America’s war on refugees

My lawn sign

Our annual refugee quota had averaged 95,000. Now it’s been slashed to 45,000, and actual admissions will likely be far lower. Our infrastructure of charities helping refugees is crumbling because the pipeline is running dry. Partly it’s because Trump has put additional restrictions on intake from 11 countries on a secret list, said to include South Sudan, Syria, and Iraq. In other words, many of the people most desperately in need of refuge.

This panders to Trump’s most rabid nativist fans, and reflects his own personal vileness.

He’s also trying to build a wall, impose a Muslim travel ban, kick out dreamers and millions of other undocumented residents, and even to cut traditional legal immigration almost in half. He’s already ordered out tens of thousands of Haitian, Salvadoran, Liberian, and other refugees, many of whom have lived here legally for decades under a special program.

A lot of them are now heading north to Canada: refugees FROM America!

America’s war on refugees

All these policies are not only cruel, but harm our own country. We should welcome immigrants and refugees not just because it’s the right thing to do, the humane thing, but because they’re good for America, making it stronger and better. (As it does for Canada.)

Trump’s saying other countries “send” us their worst people is a moronic lie. Migrants are not sent, they’re self-selected, and those with the courage and grit to leave behind everything familiar and start fresh in a new country are the best people. Certainly better than those creeps who revile them.

America’s war on refugees
It’s a lie that migrants cost us money. To the contrary, their productive efforts and talents add to our national prosperity. In fact, with an aging population (collecting ever more benefits) and declining workforce participation rates, we desperately need the new blood of immigrants to refresh our employment pool. It’s a major reason why America’s economy is fizzier than in other countries even less receptive to immigration.

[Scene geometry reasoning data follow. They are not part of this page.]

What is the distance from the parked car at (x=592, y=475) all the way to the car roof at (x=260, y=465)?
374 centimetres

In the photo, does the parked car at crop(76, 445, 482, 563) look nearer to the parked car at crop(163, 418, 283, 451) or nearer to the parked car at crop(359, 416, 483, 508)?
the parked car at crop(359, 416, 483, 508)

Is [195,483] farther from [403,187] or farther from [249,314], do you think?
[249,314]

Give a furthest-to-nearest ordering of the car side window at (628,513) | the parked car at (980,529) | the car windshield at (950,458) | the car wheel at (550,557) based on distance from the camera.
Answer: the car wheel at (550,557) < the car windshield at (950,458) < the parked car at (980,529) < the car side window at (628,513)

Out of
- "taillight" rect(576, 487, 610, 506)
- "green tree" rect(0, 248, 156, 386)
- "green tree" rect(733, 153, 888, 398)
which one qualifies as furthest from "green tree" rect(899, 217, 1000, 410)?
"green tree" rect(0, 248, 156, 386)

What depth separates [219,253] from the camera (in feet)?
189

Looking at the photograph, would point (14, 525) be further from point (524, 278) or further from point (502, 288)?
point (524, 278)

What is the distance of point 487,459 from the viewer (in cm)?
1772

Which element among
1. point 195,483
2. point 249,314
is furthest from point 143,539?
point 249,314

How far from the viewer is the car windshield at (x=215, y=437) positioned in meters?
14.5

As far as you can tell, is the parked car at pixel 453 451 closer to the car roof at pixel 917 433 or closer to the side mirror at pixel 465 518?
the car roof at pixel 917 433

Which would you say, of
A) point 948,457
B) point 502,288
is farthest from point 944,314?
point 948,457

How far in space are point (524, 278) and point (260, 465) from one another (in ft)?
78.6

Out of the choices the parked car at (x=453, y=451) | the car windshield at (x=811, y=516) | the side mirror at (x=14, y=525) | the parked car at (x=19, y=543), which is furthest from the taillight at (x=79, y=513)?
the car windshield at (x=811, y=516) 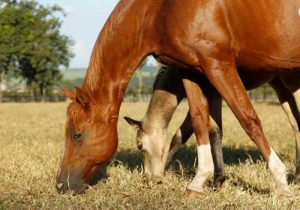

And it’s a lie that immigrants and refugees cause crime or threaten terrorism. In fact their crime rate is lower than for the native-born. None of the three million refugees we accepted since 1980 has ever been involved in a fatal terrorist attack.

All these lying arguments against immigrants and refugees are fig leaves to cover up the naked truth. This is racism. The people being kept out and kicked out mainly have brown skins. That, plain and simple, is the animus behind Trump’s actions.

He also lies in blaming Democrats for lack of a DACA solution. He himself was responsible for creating the problem in the first place; he lied when he said he wanted a legislative fix; he did his utmost to torpedo every effort. And he blames Democrats. What a sicko.

America’s war on refugees

From The Economist

The Economist’s Lexington columnist (who covers America) wrote recently about a South Sudanese teenager he’d met in an African refugee camp in 2000. Read his great article. That refugee now lives in Michigan in a four bedroom house with two cars; he’s so far contributed over $100,000 in taxes. Lexington tells this success story not because it’s exceptional but because it’s typical. And the goodness doesn’t shine just in America. Most migrants doing well here send money back to home-country relatives, uplifting those people and places too.*

Finally, immigrants and refugees understand and uphold, far better than most natives, what America is all about, the ideals and values it stands for (or used to). Everything Trump turns his back on. He’s un-American.

America’s war on refugees
America was great because it was good. Now it’s breaking my heart.

* I wrote here a poem in 2016 inspired by a Somali refugee. I sent him a check; he told me he sent the money to his mother in Africa.